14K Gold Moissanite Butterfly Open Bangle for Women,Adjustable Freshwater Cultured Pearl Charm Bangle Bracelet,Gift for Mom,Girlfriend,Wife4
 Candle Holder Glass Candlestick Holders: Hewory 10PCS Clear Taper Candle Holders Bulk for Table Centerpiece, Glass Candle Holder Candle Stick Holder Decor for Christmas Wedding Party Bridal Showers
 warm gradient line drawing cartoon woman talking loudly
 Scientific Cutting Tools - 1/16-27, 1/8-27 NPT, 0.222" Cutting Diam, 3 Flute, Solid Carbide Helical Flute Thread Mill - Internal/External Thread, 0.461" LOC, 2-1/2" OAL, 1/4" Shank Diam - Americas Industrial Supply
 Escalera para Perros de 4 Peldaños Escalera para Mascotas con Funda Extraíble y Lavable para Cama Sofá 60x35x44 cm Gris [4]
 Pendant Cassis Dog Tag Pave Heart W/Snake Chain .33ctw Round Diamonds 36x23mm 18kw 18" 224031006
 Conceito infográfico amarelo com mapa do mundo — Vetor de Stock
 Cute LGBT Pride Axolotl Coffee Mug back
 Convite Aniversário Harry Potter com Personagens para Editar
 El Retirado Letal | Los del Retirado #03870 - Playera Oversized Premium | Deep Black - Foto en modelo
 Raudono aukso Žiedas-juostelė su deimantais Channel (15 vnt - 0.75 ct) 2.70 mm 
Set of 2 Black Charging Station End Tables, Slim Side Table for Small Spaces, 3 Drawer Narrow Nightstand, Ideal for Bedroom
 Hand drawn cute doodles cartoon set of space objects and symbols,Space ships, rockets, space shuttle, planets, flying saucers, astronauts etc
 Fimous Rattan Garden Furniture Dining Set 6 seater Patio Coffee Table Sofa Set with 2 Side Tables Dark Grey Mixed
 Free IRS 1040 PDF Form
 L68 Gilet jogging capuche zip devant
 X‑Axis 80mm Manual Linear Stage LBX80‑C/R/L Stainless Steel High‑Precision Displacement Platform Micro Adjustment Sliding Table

TASK TO COMPLETE
Start at the first line of the material and transcribe each line exactly, stopping once the line containing "Scientific Cutting Tools" has been written.

ANSWER BOX
14K Gold Moissanite Butterfly Open Bangle for Women,Adjustable Freshwater Cultured Pearl Charm Bangle Bracelet,Gift for Mom,Girlfriend,Wife4
 Candle Holder Glass Candlestick Holders: Hewory 10PCS Clear Taper Candle Holders Bulk for Table Centerpiece, Glass Candle Holder Candle Stick Holder Decor for Christmas Wedding Party Bridal Showers
 warm gradient line drawing cartoon woman talking loudly
 Scientific Cutting Tools - 1/16-27, 1/8-27 NPT, 0.222" Cutting Diam, 3 Flute, Solid Carbide Helical Flute Thread Mill - Internal/External Thread, 0.461" LOC, 2-1/2" OAL, 1/4" Shank Diam - Americas Industrial Supply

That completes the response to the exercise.